The next government is being urged to accelerate the establishment of a National Savings Fund and impose mandatory provident funds to bolster savings for the ageing population.
“The country should think seriously about developing a savings and investment culture, and it needs to educate people to develop financial literacy at a faster and stronger pace,” said Veerathai Santiprabhob, adviser to the Thailand Development Research Institute. “Our households are shouldering higher debt and moving to the ageing society.
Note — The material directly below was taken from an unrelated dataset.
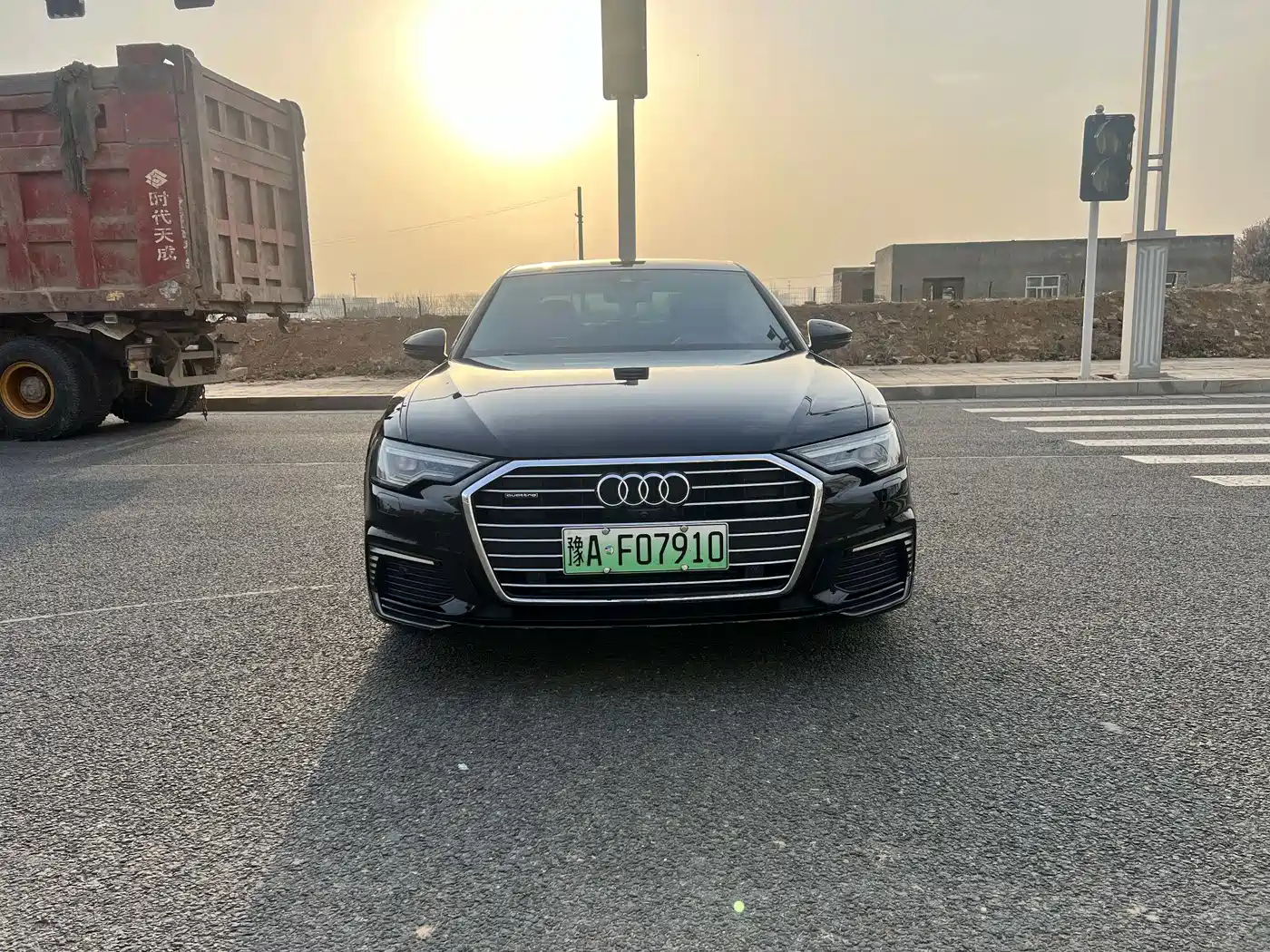 Audi A6L New Energy 2022 55 TFSI e quattro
So, people should have the ability to manage their money and prepare financially for their retirement.”
The National Savings Fund was initiated by the previous Democrat-led government with the aim of extending pension coverage to those who are not covered by any pension scheme.
However, the Yingluck Shinawatra government shelved the scheme, saying it overlaps with Section 40 of the Social Security Fund Act, which covers providing pensions to workers in the non-formal sector.
Under Section 40, self-employed workers have two choices in contributing to the Social Security Fund for pensions.
They can contribute 70 baht a month while the government offers 30 baht to the fund, or they can contribute 130 baht a month while the government chips in 50 baht per month.
The government previously estimated 35 million workers are not covered by the Government Pension Fund, the Social Security Fund and private provident funds, and most of them are self-employed such as street vendors or taxi drivers.
The National Savings Fund’s planned set-up has been put in the Capital Market Development Master Plan.
Mr Veerathai said the National Saving Fund is necessary and its size should be larger than its plan mapped out in the past, while mandatory provident funds should be enforced.
At present, only companies on the Thai stock market are obliged to make provident funds available to their employees.
Teera Phutrakul, chairman of the Thai Financial Planners Association, said the current retirement system and provident funds deny most people a pleasant life after retirement, because most savings are ploughed into low-risk, low-return debt instruments.
He suggested the government go cold turkey, in the manner of the Singaporean government, by requiring a contribution of 20% of its people’s monthly income to a central provident fund.
“I believe people have financial literacy,” Mr Teera said. “They read and learn that credit cards and personal loans charge them 20% and 28%, respectively, at most. But they still lack financial discipline and we need to cultivate their financial discipline.”